In his new post, Sunstein will oversee all governmental regulations. The job is viewed as one of the most crucial in the new administration. Sunstein will be tackling many new regulation issues, including an overhaul of the financial services industry, an attempt to pass universal healthcare, and new efforts to control greenhouse gas emissions.
A prolific scholar, Sunstein is known for his expertise in the field of law and behavioral economics, which seeks to shape law and policy around the way research shows people actually behave.
Sunstein has thought extensively about how laws and regulation should deal with some of the biggest hazards of the 21st century. In his most recent book, “Nudge: Improving Decisions about Health, Wealth, and Happiness,” Sunstein and co-author Richard Thaler discuss how people can be encouraged to make better decisions. He is also the author of the recent “Worst-Case Scenarios,” which discusses how citizens and leaders should assess dangers—ranging from climate change to terrorism—and react in ways that best protect present and future generations.

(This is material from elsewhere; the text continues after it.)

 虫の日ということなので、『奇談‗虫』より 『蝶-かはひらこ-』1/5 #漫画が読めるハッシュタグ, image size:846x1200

Sunstein joined the HLS faculty last year as the Felix Frankfurter Professor of Law and previously taught at the University of Chicago Law School.
Following his graduation from Harvard Law School, Sunstein went on to clerk for Justice Benjamin Kaplan of the Massachusetts Supreme Judicial Court and Justice Thurgood Marshall of the U.S. Supreme Court. He also worked in the Department of Justice as an attorney-advisor in the Office of Legal Counsel.